I guess tg3 needs to call dev_kfree_skb_any()

diff --git a/drivers/net/ethernet/broadcom/tg3.c b/drivers/net/ethernet/broadcom/tg3.c
index bdb0869..22d9e44 100644
--- a/drivers/net/ethernet/broadcom/tg3.c
+++ b/drivers/net/ethernet/broadcom/tg3.c
@@ -5942,7 +5942,7 @@ static void tg3_tx(struct tg3_napi *tnapi)
 		pkts_compl++;
 		bytes_compl += skb->len;
 
-		dev_kfree_skb(skb);
+		dev_kfree_skb_any(skb);
 
 		if (unlikely(tx_bug)) {
 			tg3_tx_recover(tp);

^ permalink raw reply related	[flat|nested] 4+ messages in thread

* Re: Kernel 3.7.2 strange warning and short system hang
  2013-02-20 16:52 ` Kernel 3.7.2 strange warning and short system hang Eric Dumazet
@ 2013-02-20 17:57   ` David Miller
  2013-02-20 19:30     ` Eric Dumazet
  2013-02-22  9:49   ` Urban Loesch
  1 sibling, 1 reply; 4+ messages in thread
From: David Miller @ 2013-02-20 17:57 UTC (permalink / raw)
  To: eric.dumazet; +Cc: bind, linux-kernel, netdev

From: Eric Dumazet <eric.dumazet@gmail.com>
Date: Wed, 20 Feb 2013 08:52:56 -0800

> I guess tg3 needs to call dev_kfree_skb_any()
> 
> diff --git a/drivers/net/ethernet/broadcom/tg3.c b/drivers/net/ethernet/broadcom/tg3.c
> index bdb0869..22d9e44 100644
> --- a/drivers/net/ethernet/broadcom/tg3.c
> +++ b/drivers/net/ethernet/broadcom/tg3.c
> @@ -5942,7 +5942,7 @@ static void tg3_tx(struct tg3_napi *tnapi)
>  		pkts_compl++;
>  		bytes_compl += skb->len;
>  
> -		dev_kfree_skb(skb);
> +		dev_kfree_skb_any(skb);
>  
>  		if (unlikely(tx_bug)) {
>  			tg3_tx_recover(tp);

I've seen this pattern on several occasions and I have to wonder...

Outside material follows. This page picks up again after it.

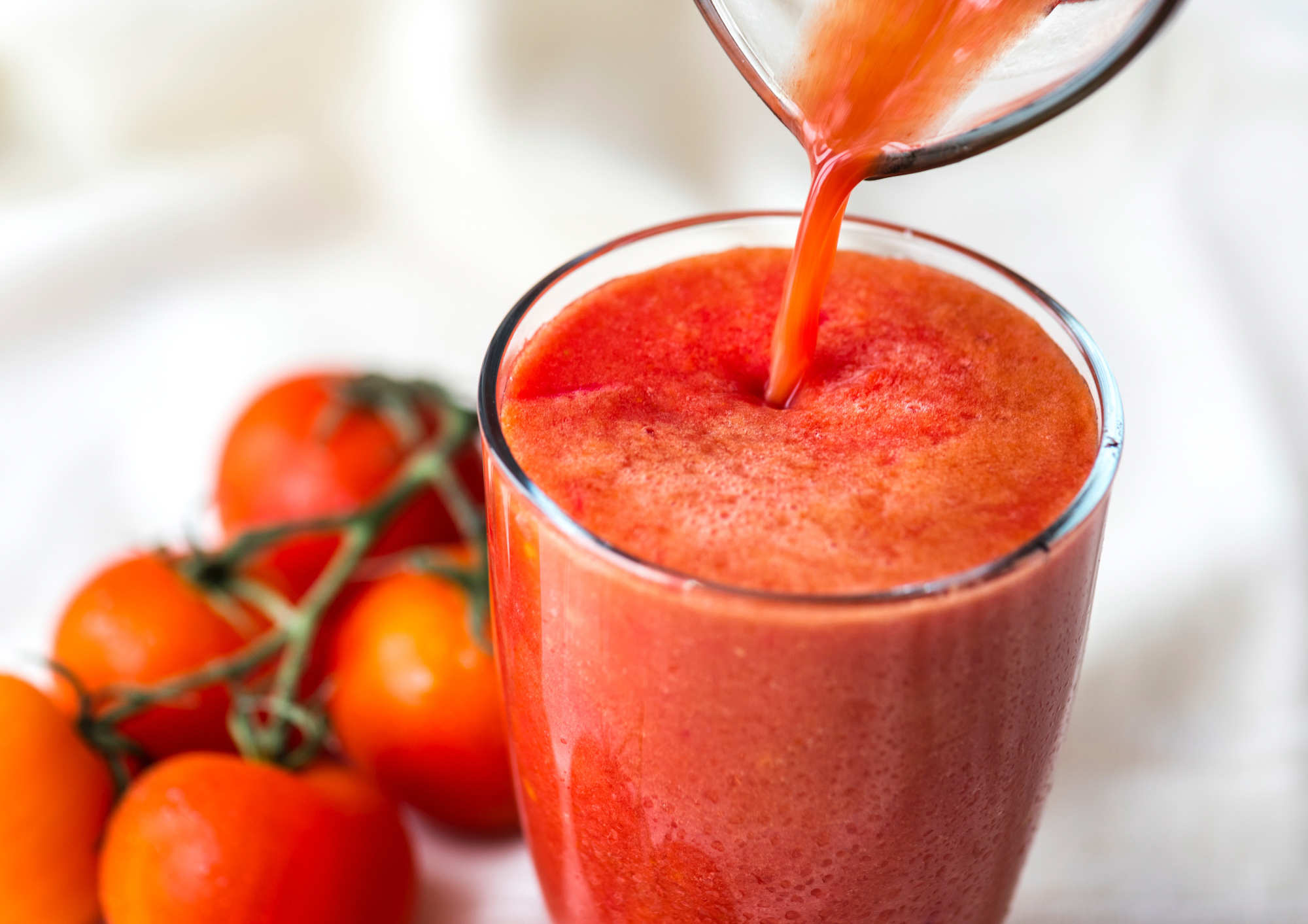 Boire du jus de tomate non salé aide à réduire le risque de maladie cardiovasculaire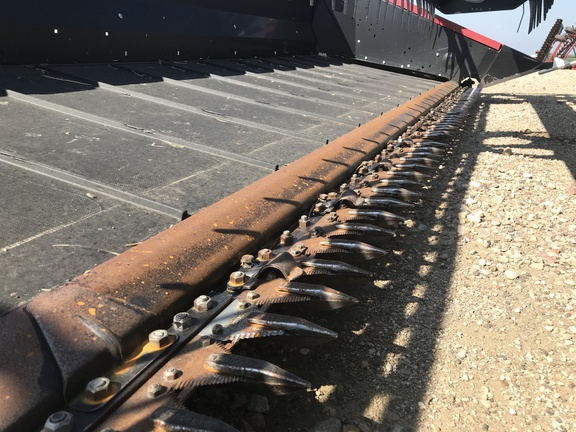 2018 MacDon FD75-35 Header Combine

Do we really require, therefore, every NAPI driver to use dev_kfree_skb_any()
in it's TX reclaim if it supports netpoll?

That seems completely bogus.

netpoll is supposed to provide an execution environment when it invokes
->poll() that is identical to the normal NAPI execution.  If that would
be true, then this change above would be completely unnecessary.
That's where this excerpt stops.